So I have a peculiar issue replicating a table to a non-trusted standalone machine. The table is about 30Gigs, so I’ve set it up on its own Publish/Distribute Object at the source database instance. I can get the snapshot to push, and data changes following the snapshot application will replicate for a few hours after the snapshot is finished bulk loading in to the destination database — but then updates stop replicating.

Distributor says: ‘Delivering Replicated Transactions’ with a current [Action Time] found in [Distributor to Subscriber History] tab in Replication Manager.
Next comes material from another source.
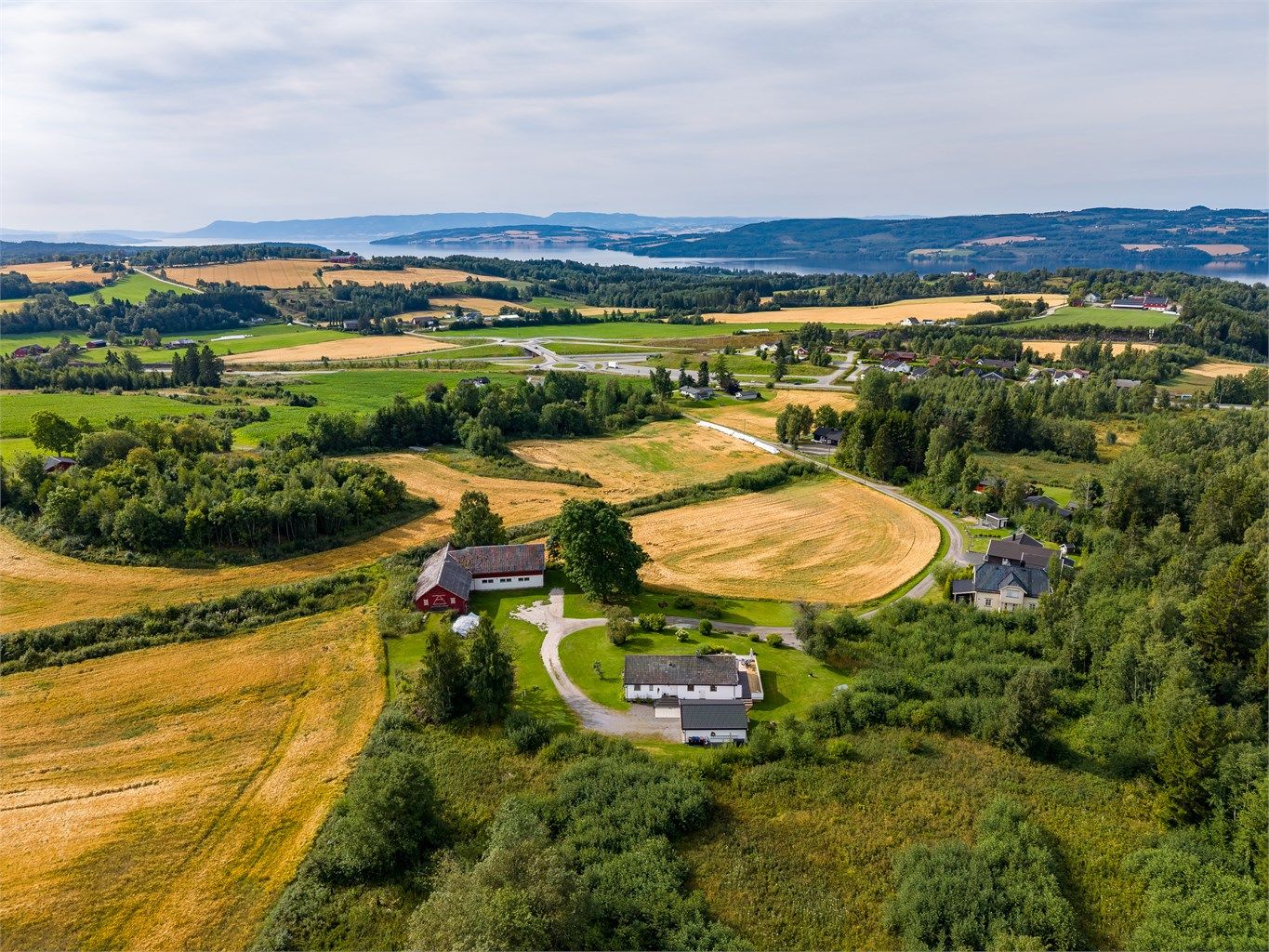 Eiendommen ligger litt opp i terrenget, noe som gir flott utsyn over det omkringliggende landskapet og svært gode solforhold. Her kan du virkelig nyte følelsen av å bo landlig, med naturen tett på og god avstand til naboene.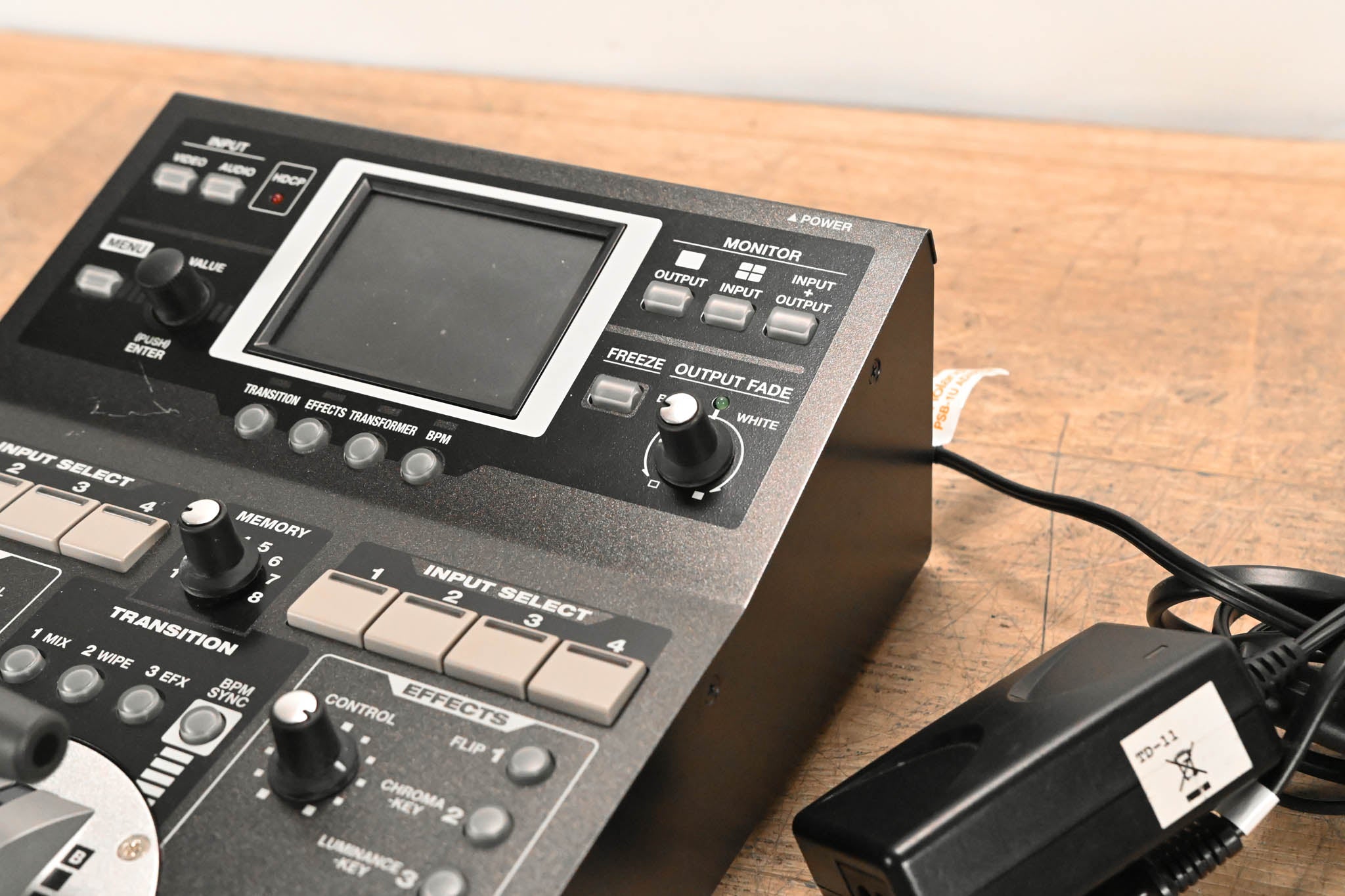 Roland V-4EX 4-Channel Digital Video Mixer with Effects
No errors or indications of Performance Latency beyond 3-7 seconds are reported on Publisher, Distributor, or Subscription Agents, but [Undistributed Commands] continues to build into the tens of millions as reported in Replication Manager under the specific Subscription Watch List object.

This is a Transactional non-updatable Replication object.
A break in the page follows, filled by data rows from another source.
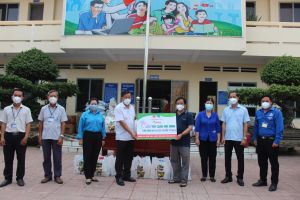 Thăm tặng quà lực lượng tuyến đầu và người dân khó khăn tại H.Nhơn Trạch
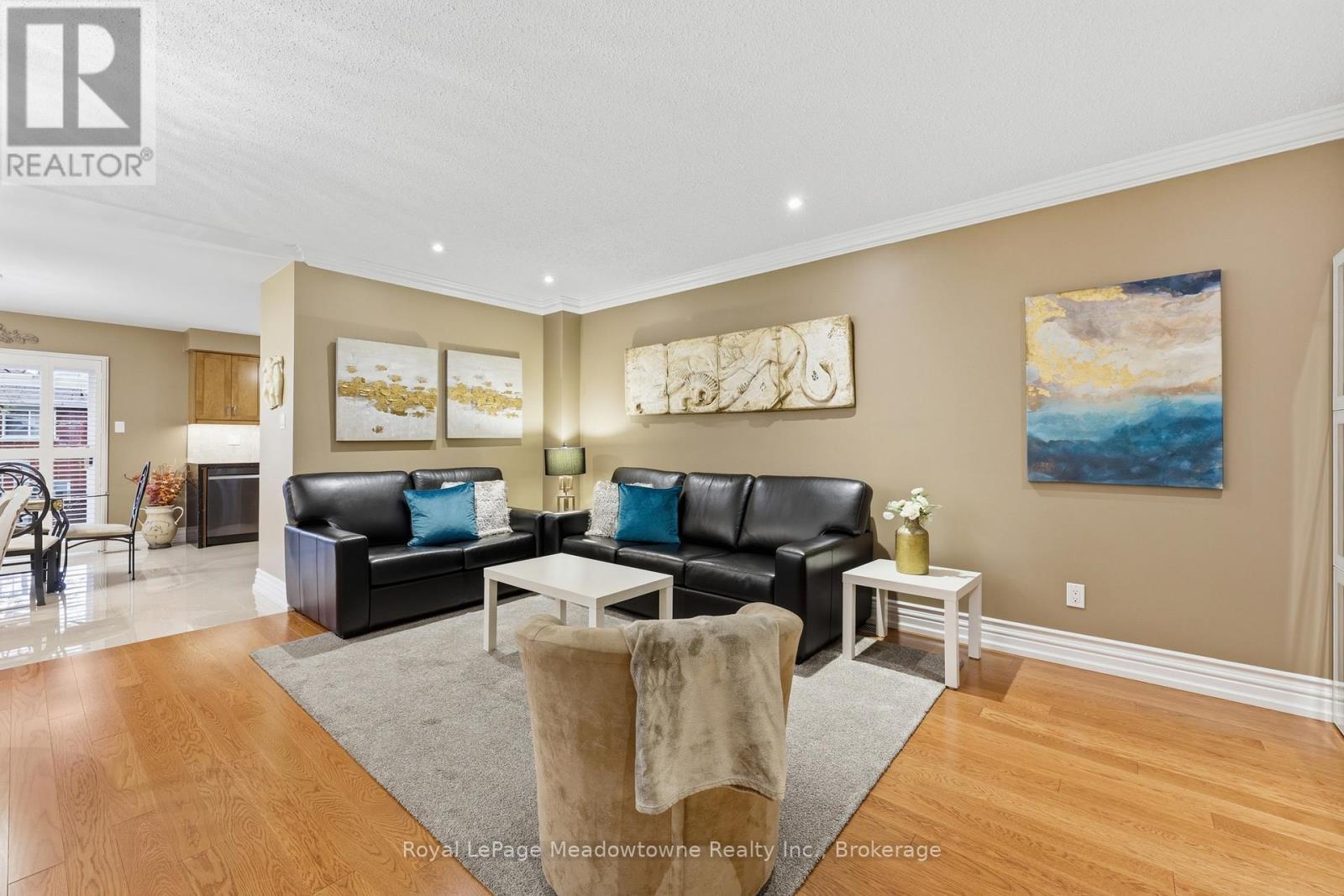 












40 COOLSPRING CRESCENT

,
Caledon (Bolton East),




Ontario
L7E1W6

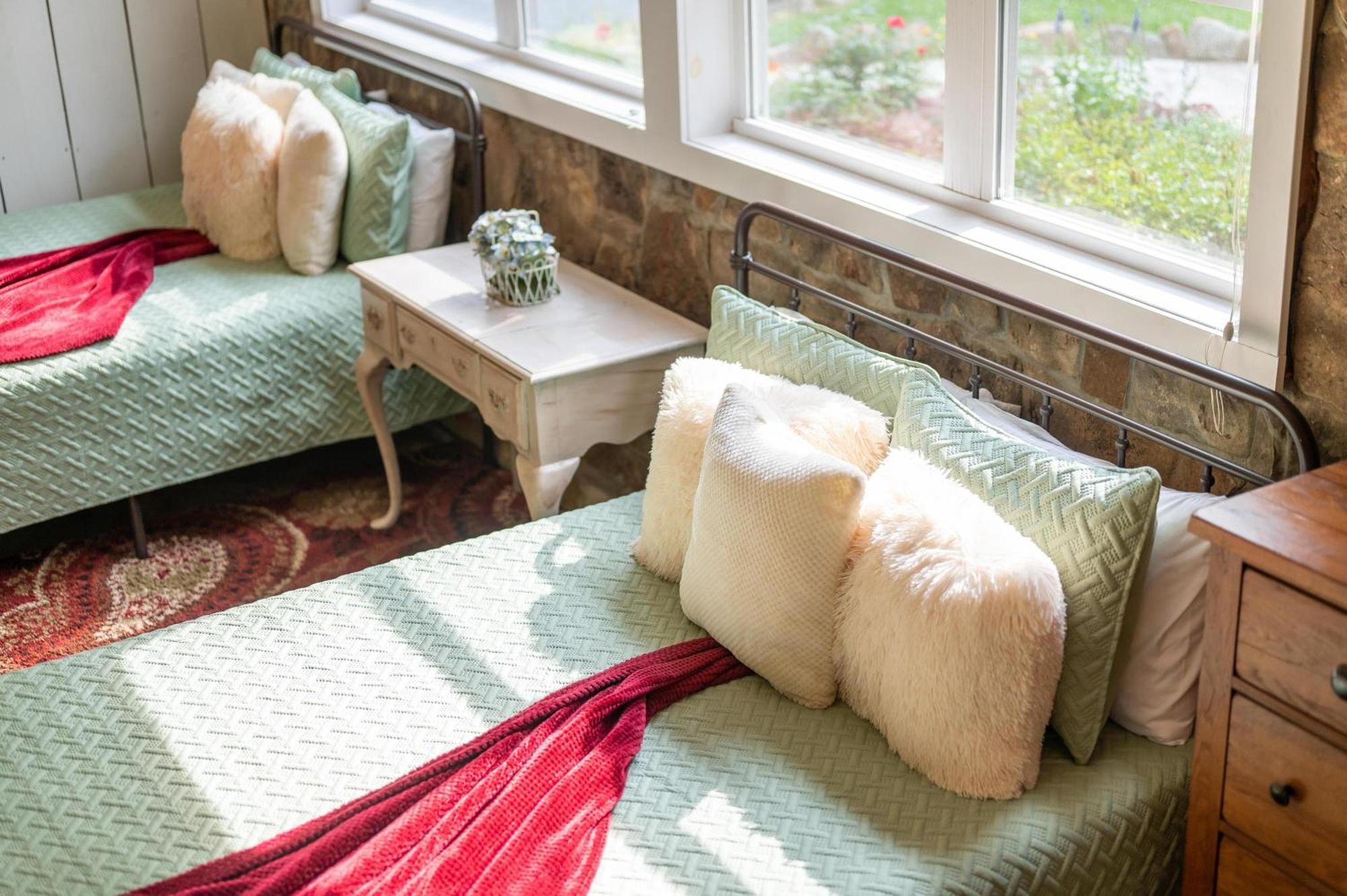 Cragsmere Manor Views 24 Guests Mentone Екстер'єр фото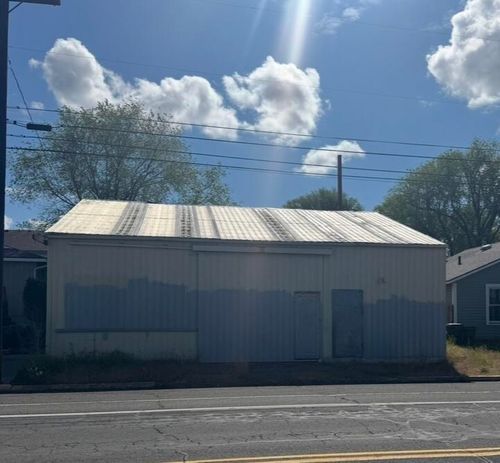 39 Ne 7th St, Madras, OR, 97741-1754 | Card Image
This is a PUSH Replication process.

Replicating from SQL Server 2008 to SQL Server 2008 R2

Other Replicated Objects from the same database instance with the same logins, destination database and so forth appear to be up-to-date, showing many distributed commands up to current.

There are no filters on the replication object, no insert/update/delete constraints, no triggers on destination table.

This is a highly busy updated table in their production environment.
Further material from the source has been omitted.